Image-caption web data:
---

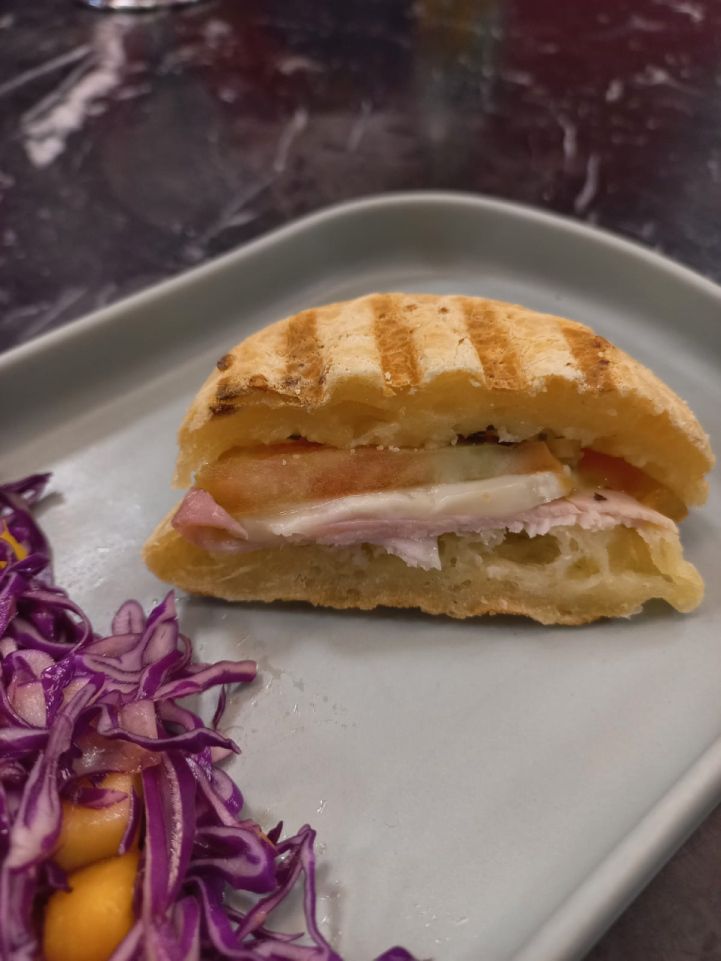 Um close de um sanduíche em um prato com salada de repolho.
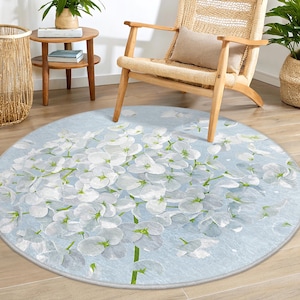 Puede incluir: Una alfombra redonda de color azul claro con un diseño floral blanco. La alfombra presenta un gran grupo de flores blancas con tallos y hojas verdes. La alfombra es perfecta para agregar un toque de elegancia y naturaleza a cualquier habitación.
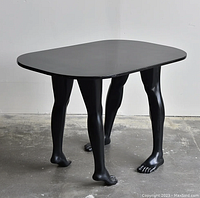 Front three-quarter view of entire table showing tabletop shape and four leg supports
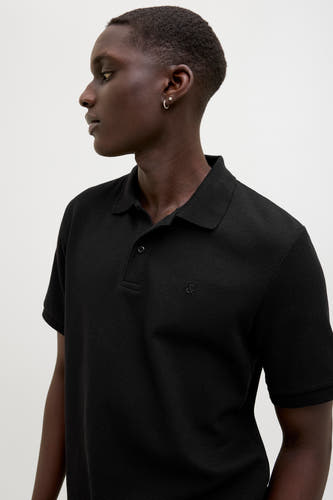 Polo noir à manches courtes de CORE BY JACK & JONES, avec un fin motif à carreaux et un logo subtil.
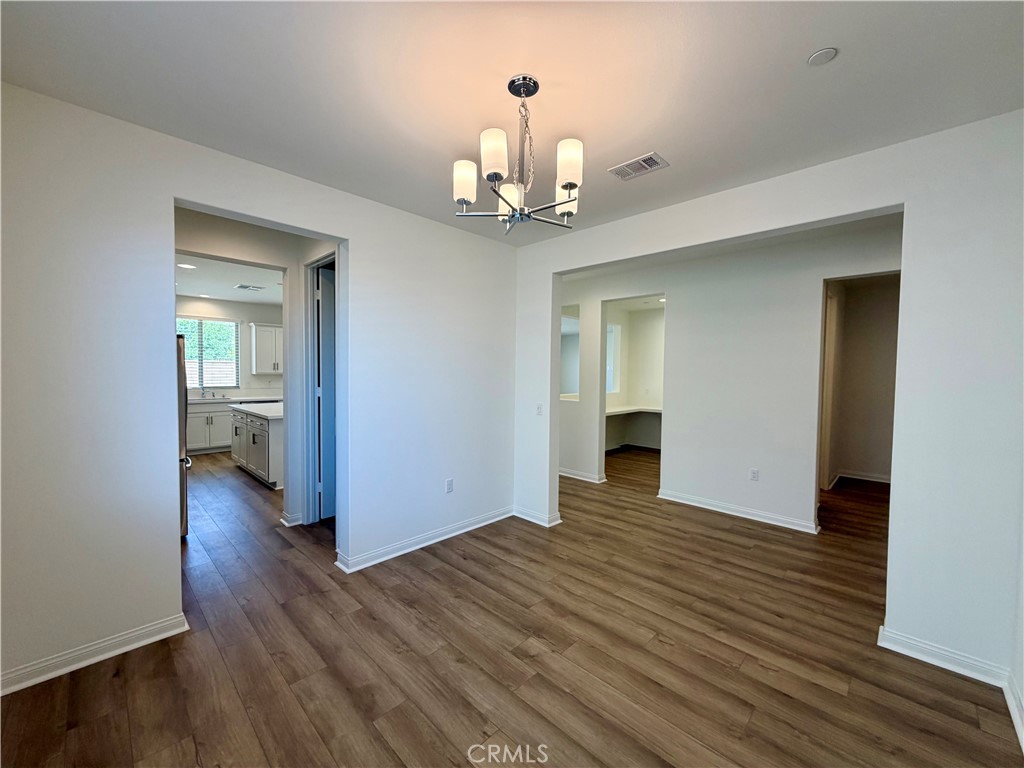 21624 Thomas Court Riverside, CA 92507 - Photo 11 of 36 wooden floor in an empty room with a window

---

> **What is expected**:
Each entry above must be restated word for word; the pictures stay out of the copy.

> **Answer**:
 Um close de um sanduíche em um prato com salada de repolho.
 Puede incluir: Una alfombra redonda de color azul claro con un diseño floral blanco. La alfombra presenta un gran grupo de flores blancas con tallos y hojas verdes. La alfombra es perfecta para agregar un toque de elegancia y naturaleza a cualquier habitación.
 Front three-quarter view of entire table showing tabletop shape and four leg supports
 Polo noir à manches courtes de CORE BY JACK & JONES, avec un fin motif à carreaux et un logo subtil.
 21624 Thomas Court Riverside, CA 92507 - Photo 11 of 36 wooden floor in an empty room with a window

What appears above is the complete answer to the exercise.